Before moving to GE Ventures in 2014, she spent 15 years as a partner at Psilos Group, a venture capital and growth equity firm focused on healthcare. She headed the firm's West Coast office in Corte Madera from its founding in 1998.

“Lisa's expertise, knowledge and network of contacts touch every aspect of Manatt's industry-focused platform,” said Donna Wilson, the firm's chief executive officer and managing partner-elect, in a statement Monday. “Her unique understanding of technology and of what it takes for transformative strategic investments to work will accelerate the ongoing expansion of our unique, multidisciplinary professional services platform.”

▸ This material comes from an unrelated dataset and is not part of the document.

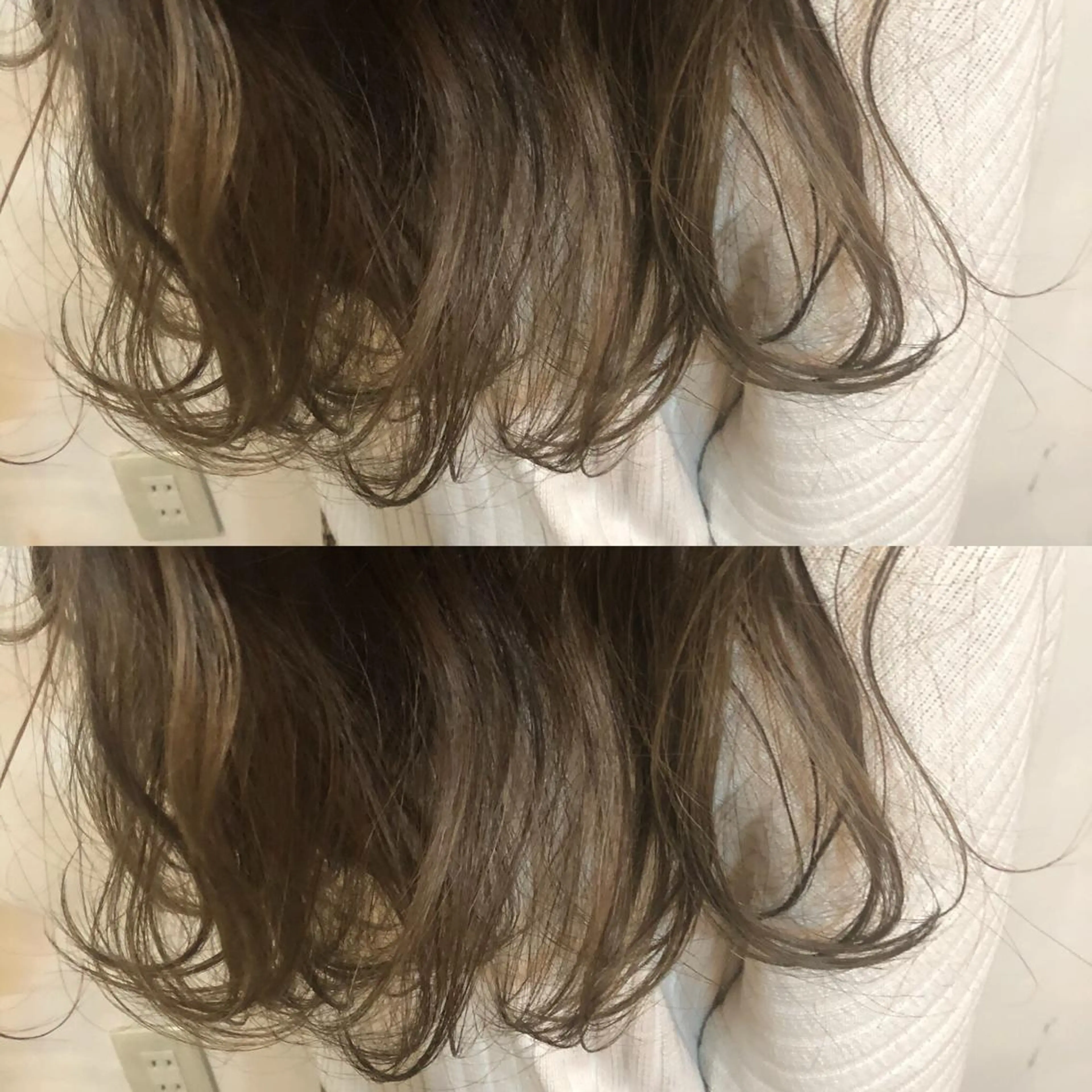 ロング カラー ヘアアレンジ ROSTAR所属・川上 智汐のヘアスタイル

Suennen will head the Manatt Venture Fund, which was created in 2000. The firm  said she would also strengthen the consulting work of Manatt Health, which combines the firm's legal, policy, consultancy and advisory services related to healthcare.

Manatt, which has grown to more than 400 professionals working across the firm's nine offices, has been investing in its interdisciplinary healthcare practice, touting it as part of what it calls a transformation from being a traditional law firm to an “integrated professional services firm that combines its legal capabilities with deep strategic, analytics and public policy capabilities.”

“I have spent my entire career at the intersection of technology and health,” Suennen said. “I have been an entrepreneur and worked in a large company. I have been one who builds companies and one who helps them grow.  All of these are relevant skills to my new role, and I'm excited to look at them as an integrated whole and build off the terrific platform that Manatt has already built.”

Correction: An earlier version of this story mistakenly said Manatt Venture Fund had grown to more than 400 professionals working across the firm's nine offices. The number of professionals and offices applied to the whole Manatt firm rather than its venture fund.